The work can be stylistically classified as part of Coxcie's production before his stay in Rome, from 1530 onwards, a period strongly influenced by his teacher Bernard van Orley, one of the first Flemish painters to be influenced by the Italian Renaissance. The strongly muscled nude of one of the two thieves is very daring and demonstrates Coxcie's interest in incorporating new Italian trends in Flanders. However, the motley composition with multiple figures and the treatment of the female figures are connected to the Flemish tradition. The artist's later versions of the theme gain in emotional expressiveness, thanks to the influence of Sebastiano del Piombo, with whom he may have coincided in Rome working on the Chapel of Saint Barbara in the Church of Santa Maria dell'Anima. Thus, we move from the interpretations of Christ accompanied by a thief and executioner in the Lázaro Galdiano Museum or the Complutense University of Madrid to the solitary and grief-stricken figures in the Prado Museum, a version that Charles V possibly also took with him to his retirement in Yuste.

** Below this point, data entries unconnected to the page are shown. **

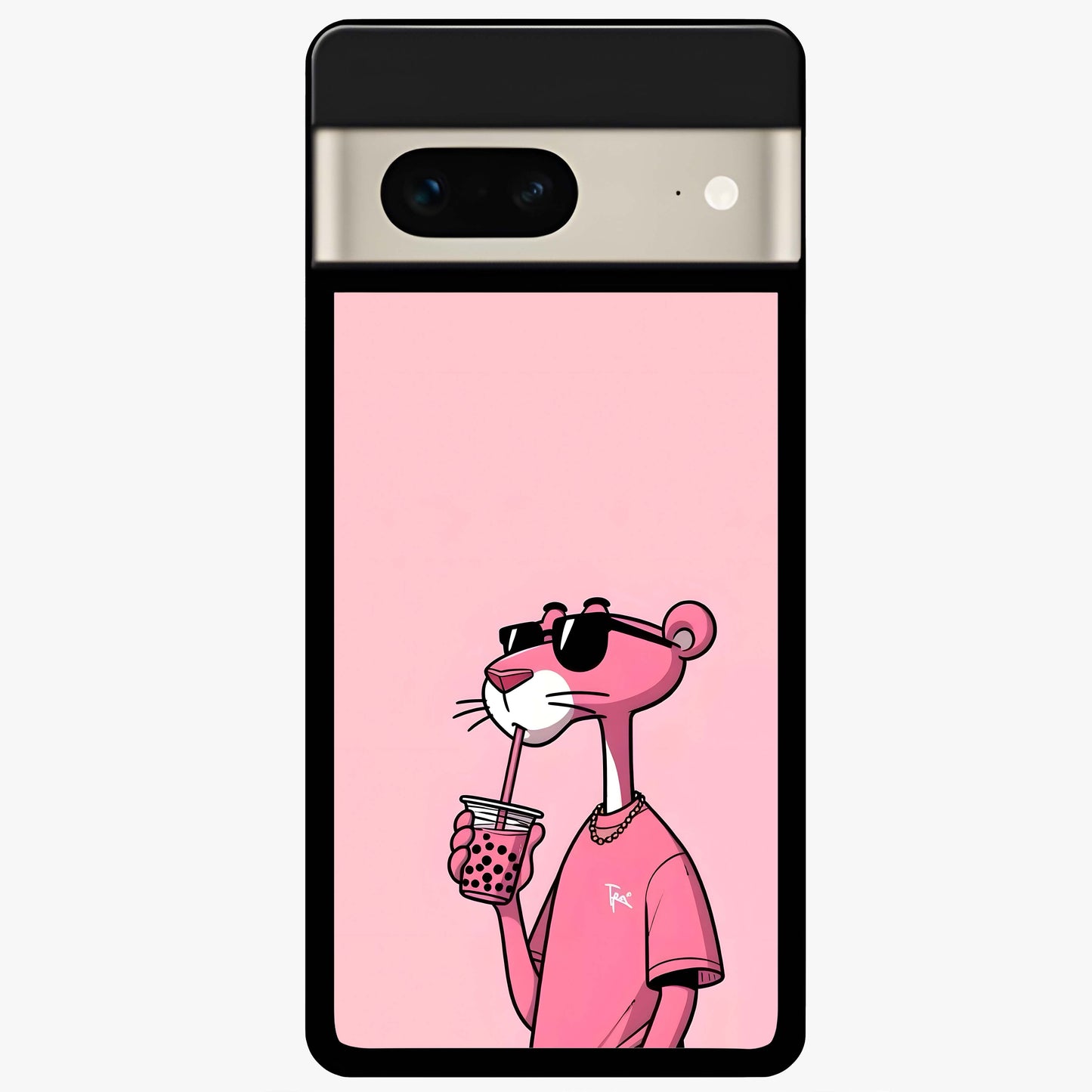 Pink Panther Glass Case showing flat back view with iconic pink panther artwork and glossy glass finish.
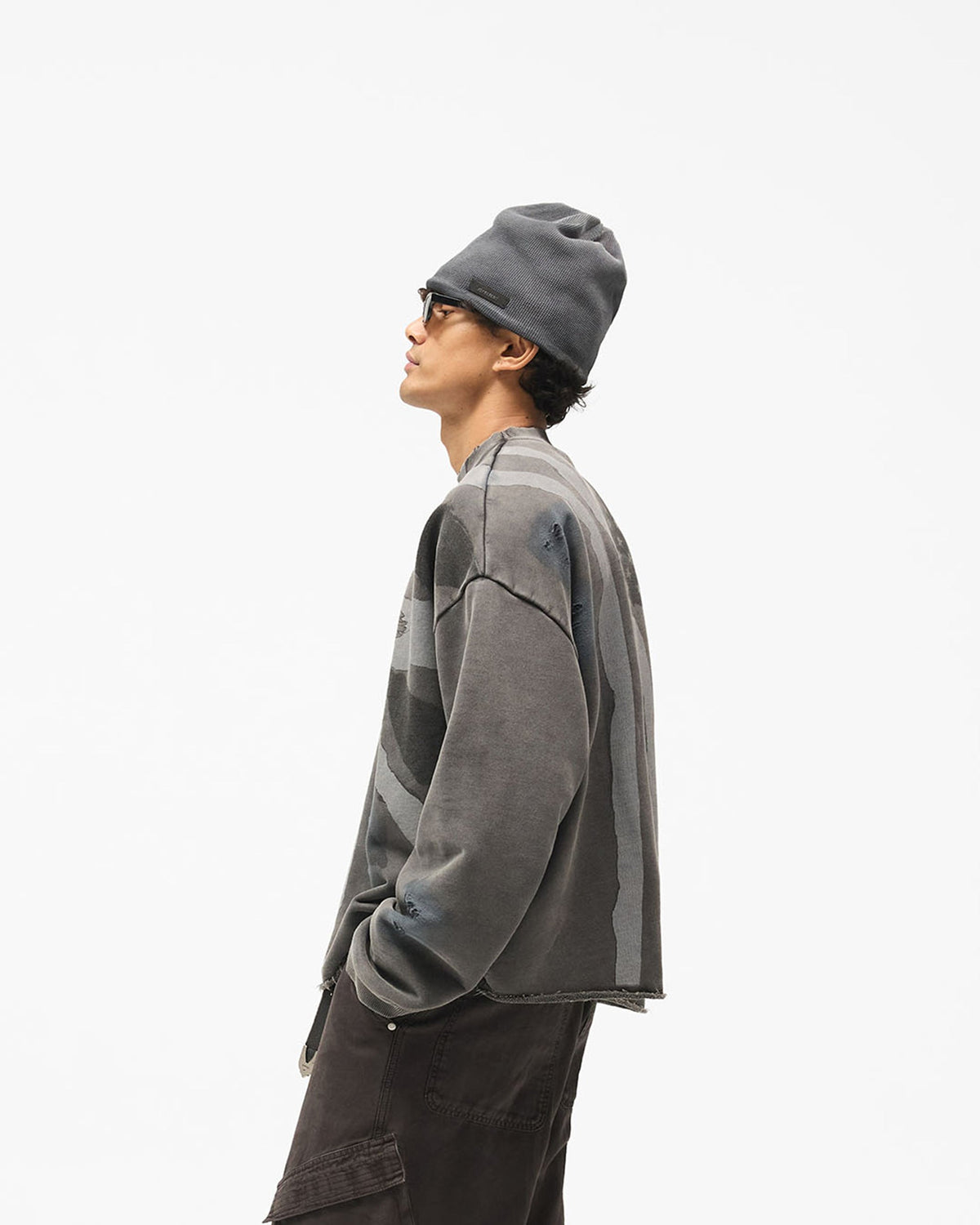 Flag Sweat - Vintage Black - Cropped Model - Side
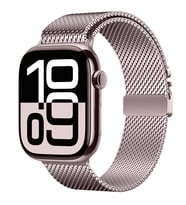 Apple Watch 7/8/9 41mm Kordon Titanyum Kelebek Klipsli Milano Loop 121 (Pembe)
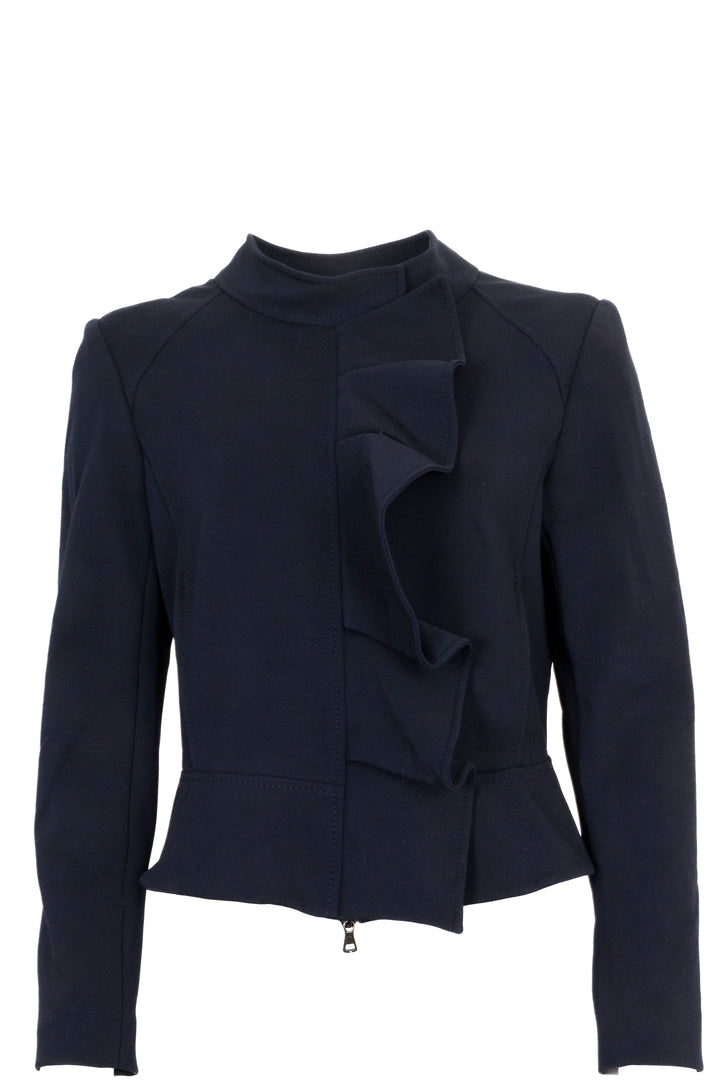 VALENTINO Ruffled Zip Jacket Navy
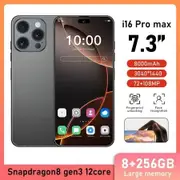 4G Android Smartphone 7.3inch Dual SIM Mobile Phone Unlocked 8GB+256GB With 72+108MP Camera Color Black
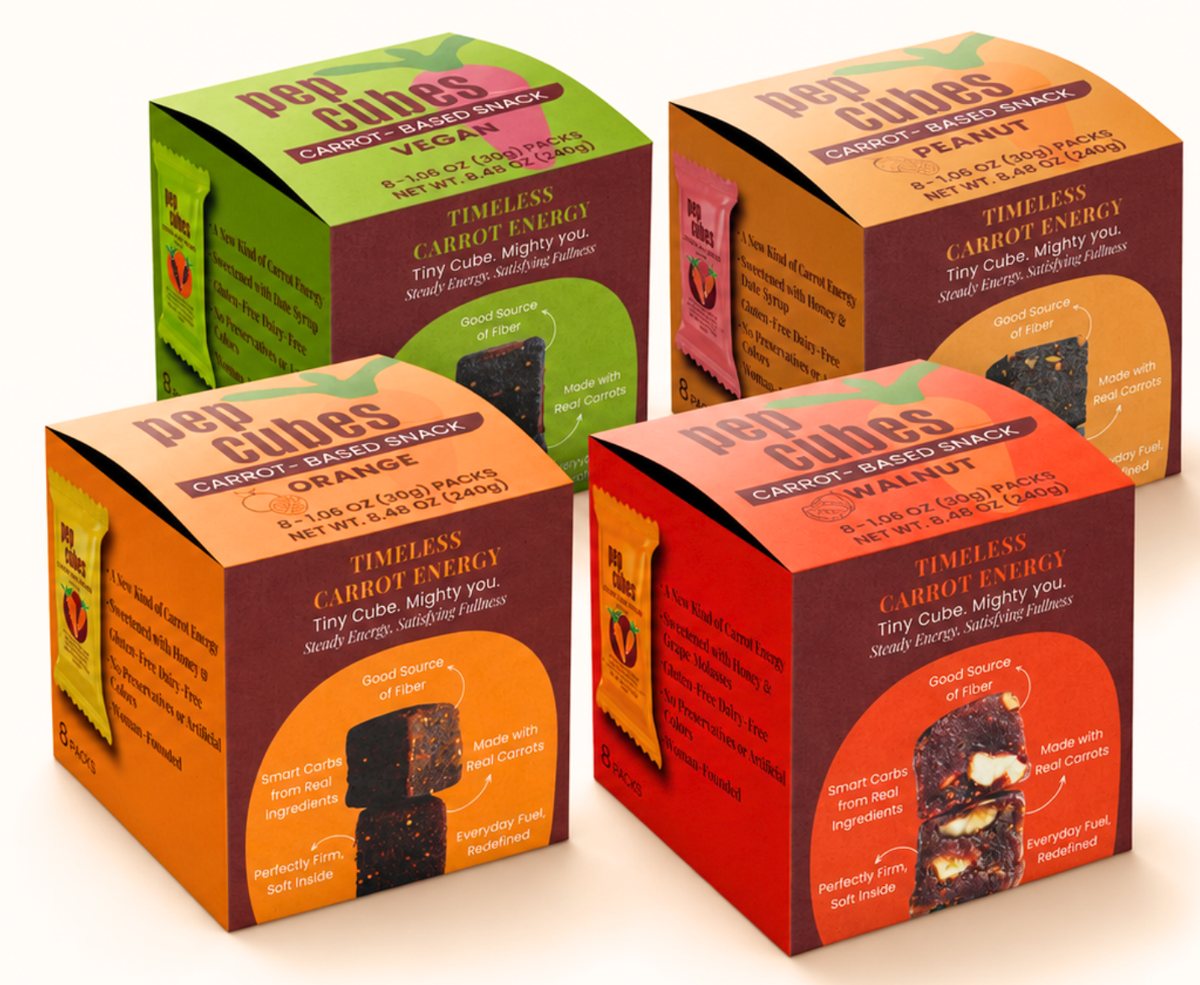 Four PepCubes boxes: Purple Carrot, Peanut, Orange and Walnut
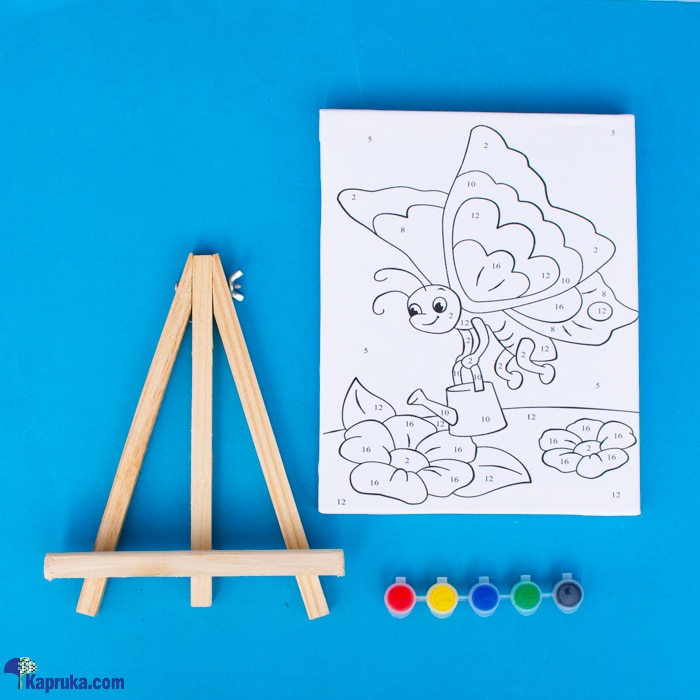 Pre Drawn Butterfly Canvas For Painting For Kids With Paint Pots (20x25) Online at Kapruka | Product# childrenP0800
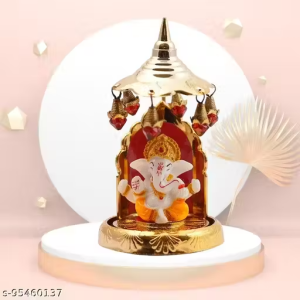 Aaputri Marble & Silver Crystal Stone Lord Ganesha Idol – Decorative Showpiece for Car Dashboard, Home, Office & Gifts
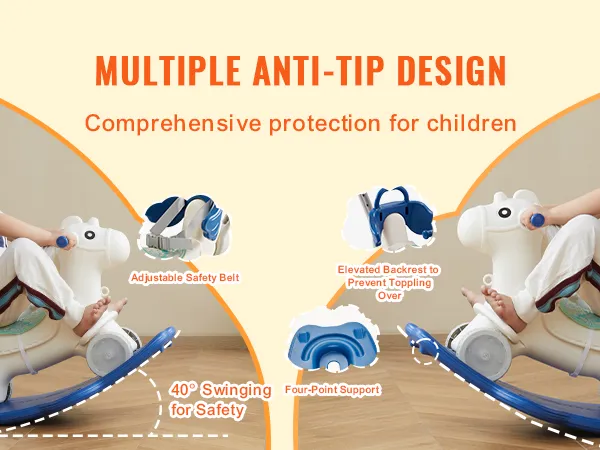 VEVOR rocking horse with adjustable safety belt, 40° swinging, four-point support, and an elevated backrest.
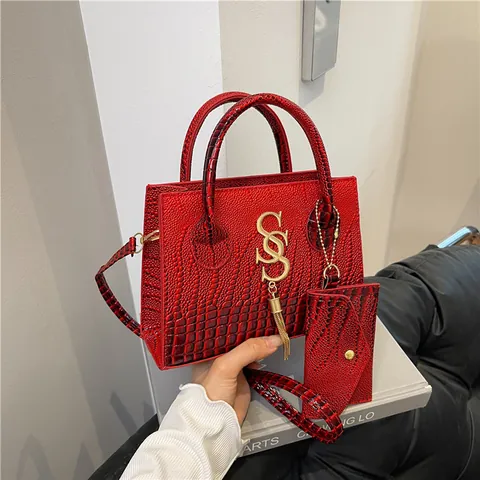 Women Retro Crocodile Pattern Handbag Set PU Leather Tassel Crossbody Square Bag With Mini Pouch For Daily Commuting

There is also an explanation about the author from which I will highlight this:
He achieved a certain reputation in Italy, and Giorgio Vasari recognized that Coxcie had successfully adopted the Italian style. However, Coxcie's main occupation in Rome was the design of prints, such as The Fable of Psyche (32 plates) engraved by Agostino Veneziano and Bernardo Daddi. These images in the Classical style were wrongly attributed to Raphael.
Back in the Netherlands, Coxcie joined the Guild of Saint Luke at Mechelen in 1539. Shortly after, he moved to Brussels, joining its guild (1542). He is mentioned in 1546 as painter to Mary of Hungary, aunt of Philip II, filling the vacancy left by the late Van Orley. He produced works for the Château de Binche and executed a large copy of Jan van Eyck's Ghent Polyptych for Philip II when the king became convinced that he could not acquire the original. Coxcie also replicated Rogier van der Weyden's The Descent from the Cross; when the original entered the Prado Museum, Coxcie's copy replaced it in the El Escorial monastery.
He died, almost a centenarian and still active, as a result of a fall from scaffolding.